Back in June 2013 I built an Azure architecture prototype that collected Twitter data, stored it, analysed it and presented the results through a web interface. It’s been running now for a number of months, not needing any attention and doing a great job. Now as every experienced IT Architect knows the true test of a good architecture comes when the client needs to make some changes: that time has arrived as I’m now looking at how to implement a more sophisticated analysis of the structure of a targeted sub-graph of tweeters.
Let me explain the parts I’ve evaluated: I’ve deliberately only used Platform-as-a-Service (PaaS) components and avoided VMs, i.e. Infrastructure-as-a-Service (IaaS), because I believe PaaS will give organisations the greatest impact when adopting Cloud (but that’s another topic). The specific components from my architecture prototype are listed below.
Think of these like services in windows; normally they sit in a loop picking up, and responding to, tasks. I’ve been impressed with how easy it is to create, configure and deploy worker roles although debugging has been harder. I’ve been aware that to perform more sophisticated analysis on Twitter a Graph Database would be ideal and I thought this would, inevitably, require using IaaS to install a VM. But no, I found a really fantastic example of what a worker role is capable of: it can be configured to connect to a VHD, dynamically install Java, install Java applications and then start the Java application; voila Neo4j running on a worker role! So worker roles – definitely make use of them.
Provides a basic mechanism to store structured data. It’s fast (once you understand how it is indexed), it appears to scale well (I’ve not pushed it that far though) and very, very low cost. However, there is a downside: Table Storage is nowhere near as flexible as a relational database, it does not support joins, you cannot add additional indexes, specify sort orders or group by clauses. None of these limitations are a problem if your requirements are straightforward and not going to change but when I look at how to get from what I’ve got to what I want it’s going to be a lot of work compared to a relational database. In conclusion look to use table storage where you want to store simple, discrete, entities, you don’t mind doing a bit of data manipulation in code (e.g. summarising, joining) and requirements change will be low.

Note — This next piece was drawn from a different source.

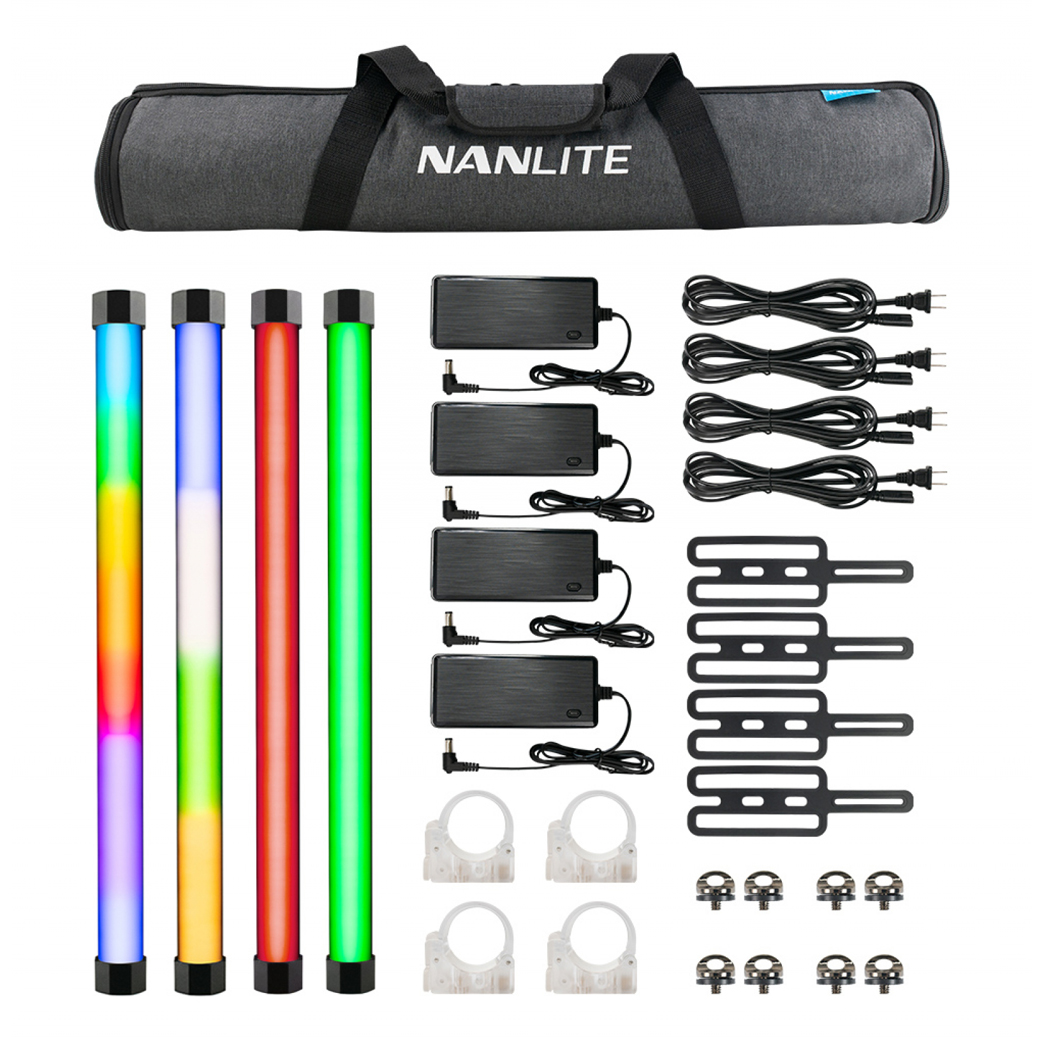 Nanlite PavoTube II 15X 4KIT Viererpack mit 4 RGBWW Röhrenleuchten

For my next Azure architecture prototype I will be using the Azures PaaS relational database: Windows Azure SQL Database.

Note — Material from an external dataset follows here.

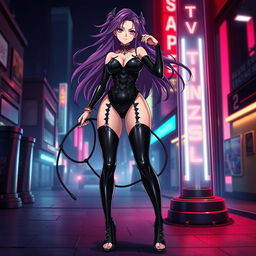 A striking anime character styled as a latex dominatrix, featuring a sleek black latex outfit with intricate designs, high heels, and bold dominant posture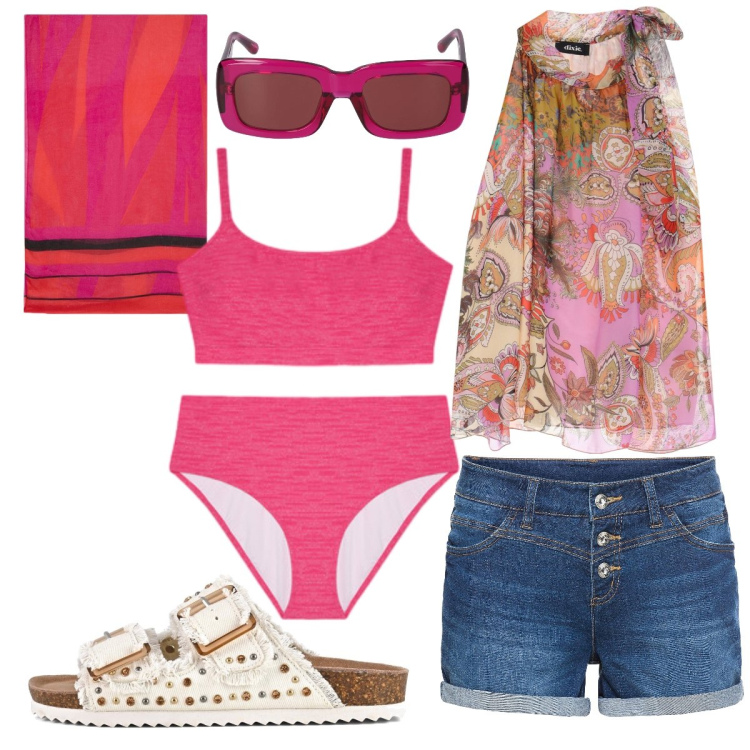 Outfit donna - Il bikini fucsia. Stile Casual chic per Mare. Abbinamento con shorts, top, bikini, sandali, vestiti da spiaggia, occhiali da sole.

Come in a number of flavours, the most basic of which is an instance in a multi-tenanted IIS server (and free!). My Websites were pretty basic: connect to Table Storage, drag back the data and display it on the webpage. Again the build, deploy and configure are all very smooth. I can’t say I really pushed Websites to the limit but I have seen other, more sophisticated, sites which seem to be just as easy to manage and perform very well. Azure Websites: yes, use them.
For storing files and other chunky bits of data. Have worked fine for me, no problems at all. I have no reservations in recommending their use when appropriate.
I’m talking about the storage service queues, not Service Bus. I did not use these in my architecture prototype but I have experimented with them; from what I’ve seen I think they will do a great job in the right place.
Worker Roles, Web Sites, Blobs, Queues : great, use them.
Table Storage: maybe, think carefully – is it right for your problem?